Другая судьба - Эрик-Эмманюэль Шмитт 36 стр.


Всякий раз, когда Гитлер его вызывал, Гиммлер трясся, как перед экзаменом. Диктатор обожал этот страх, видя в нем знак своего ослепительного сияния и твердо зная, что этот человек, по крайней мере, его не предаст.

– Вы присутствовали на расстрелах в Минске?

– Да, мой фюрер.

– И что же?

– Все исполнено, мой фюрер.

– Нет, я спрашиваю, что́ вы при этом чувствовали.

Слизняк, ударившись в панику, едва не потерял монокль. Гиммлер совершенно не доверял своим эмоциям и реакциям. Гитлер это знал и жестоко играл на его скрытой неуверенности.

– Мой фюрер, эти люди во всем похожи на людей. У них есть глаза, рот, руки, ноги… Но на самом деле это чудовищные создания, чьи разум и душа спрятаны еще глубже, чем у животных. Это примитивные существа. То, что я испытал, можно сравнить с чувством при посещении бойни.

– Отлично, отлично, – сказал Гитлер; сравнение ему не понравилось, ибо он любил животных, особенно Блонди, свою новую собаку, которая была при нем в «Логове» и доставляла ему больше радости, чем какая-нибудь Ева Браун. – Мой дорогой Гиммлер, вы не раз спрашивали меня, что мы должны делать с евреями внутри страны, с евреями, говорящими по-немецки. Я откладывал ответ, потому что считал, что наш приоритет – захватить Россию. Теперь ситуация изменилась. У нас уйдет несколько лет на то, чтобы победить русских.
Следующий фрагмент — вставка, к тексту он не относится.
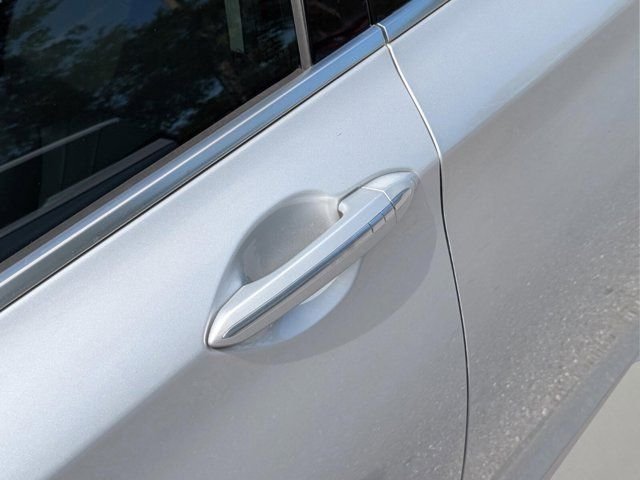 Used 2017 Silver Genesis 3.8 image 29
Про себя он думал: Мы никогда не победим русских.

– Соединенные Штаты неосторожно ввязались в конфликт, и их уничтожат японцы.

Про себя он думал: Японцам не потянуть против американцев.

– Англия почти обессилела.

Про себя он думал: Черчилль отлично мобилизовал окаянных «ростбифов», чтобы выиграть войну.

– И мы должны продолжать наше дело внутри страны, как и за ее пределами.

Так ускоримся же внутри страны, мы и так достаточно медлили.

– Евреи в ответе за войну четырнадцатого—восемнадцатого годов. Евреи в ответе и за эту войну.

Да, объявил войну я, но быструю войну, которую должен был выиграть; если она затягивается, виной тому международное еврейство.

– В тысяча девятьсот тридцать девятом, тридцатого января, в моей речи в Рейхстаге я предупредил: если война станет мировой, это будет вина евреев и евреи за нее поплатятся.

Это было не предупреждение, а угроза. Я грозил санкциями, чтобы Соединенные Штаты побоялись вступать в войну.

– Это предупреждение станет пророчеством.

Что им стоило отступить, этим идиотам, сами напросились.

– Война кончится не истреблением арийских народов, как замышляли евреи, а уничтожением еврейства.

Скорее, скорее, пока не произошло обратное.

– На сей раз я применю старый еврейский закон: око за око, зуб за зуб.

Сто очей за око, тысяча зубов за зуб – это будет бойня.

– Мы должны энергично проводить нашу политику.

Уничтожение, полное уничтожение.

– Пусть не думают, что я хочу отомстить за трудности на Востоке…

Именно так, я мщу. И потом, мне смертельно скучно.

– Я делаю это, лишь уступая давлению немцев, которых возмущает семитское процветание в час лишений.

Люди ни в коем случае не должны узнать, что мы собираемся делать.

– Чтобы не спровоцировать реакцию еврейской пятой колонны внутри страны…

Чтобы об этом не проведали немцы.

– Мы начнем без лишнего шума…

В строжайшей секретности.

– Мы оповестим их, когда придет время.

Когда они увязнут по маковку и будет поздно идти на попятный.

– Тогда они будут счастливы.

Замараны.

– И благодарны.

Виновны.

– Почему бы вам не сопроводить меня на прогулку с Блонди?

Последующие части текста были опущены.